-------- EXERCISE INPUTS

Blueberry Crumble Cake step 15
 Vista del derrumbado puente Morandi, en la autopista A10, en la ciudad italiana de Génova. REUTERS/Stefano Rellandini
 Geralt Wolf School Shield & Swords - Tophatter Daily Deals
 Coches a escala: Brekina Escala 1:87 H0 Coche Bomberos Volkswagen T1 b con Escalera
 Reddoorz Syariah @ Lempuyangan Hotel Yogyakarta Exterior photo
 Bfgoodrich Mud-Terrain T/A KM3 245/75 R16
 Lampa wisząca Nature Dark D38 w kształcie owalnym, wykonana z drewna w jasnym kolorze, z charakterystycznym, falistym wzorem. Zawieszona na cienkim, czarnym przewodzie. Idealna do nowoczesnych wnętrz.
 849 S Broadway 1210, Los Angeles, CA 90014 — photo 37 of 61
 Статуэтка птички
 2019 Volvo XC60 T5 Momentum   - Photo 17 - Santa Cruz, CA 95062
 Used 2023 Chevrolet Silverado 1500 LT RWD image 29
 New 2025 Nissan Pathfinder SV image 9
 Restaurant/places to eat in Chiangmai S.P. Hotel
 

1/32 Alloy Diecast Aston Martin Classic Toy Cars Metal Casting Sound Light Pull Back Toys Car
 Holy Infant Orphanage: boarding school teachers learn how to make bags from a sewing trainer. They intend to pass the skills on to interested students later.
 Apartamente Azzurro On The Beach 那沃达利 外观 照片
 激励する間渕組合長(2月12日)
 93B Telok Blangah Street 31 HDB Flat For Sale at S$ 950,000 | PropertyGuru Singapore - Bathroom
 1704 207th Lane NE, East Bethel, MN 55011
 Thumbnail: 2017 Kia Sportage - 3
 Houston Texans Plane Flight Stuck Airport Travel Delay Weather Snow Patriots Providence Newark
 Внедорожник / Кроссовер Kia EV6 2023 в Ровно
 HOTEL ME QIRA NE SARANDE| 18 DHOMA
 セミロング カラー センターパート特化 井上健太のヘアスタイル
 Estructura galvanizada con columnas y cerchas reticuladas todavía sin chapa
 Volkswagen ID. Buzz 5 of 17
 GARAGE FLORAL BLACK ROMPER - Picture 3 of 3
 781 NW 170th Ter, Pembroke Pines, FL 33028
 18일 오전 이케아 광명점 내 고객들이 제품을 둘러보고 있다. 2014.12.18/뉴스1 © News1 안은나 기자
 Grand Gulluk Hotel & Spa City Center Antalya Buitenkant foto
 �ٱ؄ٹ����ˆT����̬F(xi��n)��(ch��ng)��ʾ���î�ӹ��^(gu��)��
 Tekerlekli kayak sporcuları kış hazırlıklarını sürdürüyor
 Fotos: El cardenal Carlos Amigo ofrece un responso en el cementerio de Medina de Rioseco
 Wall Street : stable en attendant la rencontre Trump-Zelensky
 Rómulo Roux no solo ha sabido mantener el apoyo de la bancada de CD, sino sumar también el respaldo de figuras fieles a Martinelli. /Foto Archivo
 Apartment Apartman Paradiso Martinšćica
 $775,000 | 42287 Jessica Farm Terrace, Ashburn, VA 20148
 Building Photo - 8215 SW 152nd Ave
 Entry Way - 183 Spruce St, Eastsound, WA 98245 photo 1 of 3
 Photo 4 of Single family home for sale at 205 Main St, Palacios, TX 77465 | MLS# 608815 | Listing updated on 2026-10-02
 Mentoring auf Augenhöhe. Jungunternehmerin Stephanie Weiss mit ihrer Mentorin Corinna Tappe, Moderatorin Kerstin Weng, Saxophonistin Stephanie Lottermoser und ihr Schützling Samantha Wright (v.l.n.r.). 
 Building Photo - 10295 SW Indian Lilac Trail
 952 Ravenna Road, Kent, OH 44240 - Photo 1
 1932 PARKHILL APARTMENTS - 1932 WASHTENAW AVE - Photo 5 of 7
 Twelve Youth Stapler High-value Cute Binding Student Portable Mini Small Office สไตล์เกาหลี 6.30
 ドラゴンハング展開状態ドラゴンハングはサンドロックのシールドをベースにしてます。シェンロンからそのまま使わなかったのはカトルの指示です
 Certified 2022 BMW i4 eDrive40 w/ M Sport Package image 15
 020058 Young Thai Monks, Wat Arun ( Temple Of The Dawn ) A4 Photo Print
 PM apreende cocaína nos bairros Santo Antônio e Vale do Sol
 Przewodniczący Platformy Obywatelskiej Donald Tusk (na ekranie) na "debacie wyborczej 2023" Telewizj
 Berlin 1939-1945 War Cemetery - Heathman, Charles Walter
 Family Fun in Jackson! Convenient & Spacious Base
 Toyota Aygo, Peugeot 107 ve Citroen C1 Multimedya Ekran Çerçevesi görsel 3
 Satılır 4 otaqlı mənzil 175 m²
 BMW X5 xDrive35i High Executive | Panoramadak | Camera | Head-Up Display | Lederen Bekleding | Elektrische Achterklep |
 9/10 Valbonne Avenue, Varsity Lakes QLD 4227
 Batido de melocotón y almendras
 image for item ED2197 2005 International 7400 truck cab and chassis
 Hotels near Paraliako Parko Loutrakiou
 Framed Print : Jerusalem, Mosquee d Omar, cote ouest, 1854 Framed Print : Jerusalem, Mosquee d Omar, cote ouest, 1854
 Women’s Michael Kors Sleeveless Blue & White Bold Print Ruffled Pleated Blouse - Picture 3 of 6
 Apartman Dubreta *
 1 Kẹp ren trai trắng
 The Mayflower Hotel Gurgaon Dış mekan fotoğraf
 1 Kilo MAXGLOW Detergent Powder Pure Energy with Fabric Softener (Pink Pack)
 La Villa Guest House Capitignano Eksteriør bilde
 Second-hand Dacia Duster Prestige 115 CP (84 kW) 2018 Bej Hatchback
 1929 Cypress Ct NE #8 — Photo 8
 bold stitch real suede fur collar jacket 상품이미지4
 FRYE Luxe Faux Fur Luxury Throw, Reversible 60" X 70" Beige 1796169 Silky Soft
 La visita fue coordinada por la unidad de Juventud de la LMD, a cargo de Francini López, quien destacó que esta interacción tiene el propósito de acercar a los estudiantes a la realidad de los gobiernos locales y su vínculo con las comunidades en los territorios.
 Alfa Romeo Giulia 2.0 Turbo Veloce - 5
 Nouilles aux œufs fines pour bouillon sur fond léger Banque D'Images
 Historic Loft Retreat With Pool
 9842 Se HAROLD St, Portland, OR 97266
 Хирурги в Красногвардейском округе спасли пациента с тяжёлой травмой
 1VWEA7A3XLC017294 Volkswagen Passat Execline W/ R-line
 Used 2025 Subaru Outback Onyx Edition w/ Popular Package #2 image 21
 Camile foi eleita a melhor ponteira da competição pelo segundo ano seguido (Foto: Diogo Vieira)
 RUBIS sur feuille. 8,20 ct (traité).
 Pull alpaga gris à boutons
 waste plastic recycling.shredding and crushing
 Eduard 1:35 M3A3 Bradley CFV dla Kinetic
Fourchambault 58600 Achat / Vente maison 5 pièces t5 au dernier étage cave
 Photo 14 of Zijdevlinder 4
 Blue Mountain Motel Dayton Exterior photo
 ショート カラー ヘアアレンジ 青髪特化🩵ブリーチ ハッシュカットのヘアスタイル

----------------

[EXERCISE DETAILS] With "Picture" as the string to find, copy every line of the records that holds it.

[RESPONSE]
 GARAGE FLORAL BLACK ROMPER - Picture 3 of 3
 Women’s Michael Kors Sleeveless Blue & White Bold Print Ruffled Pleated Blouse - Picture 3 of 6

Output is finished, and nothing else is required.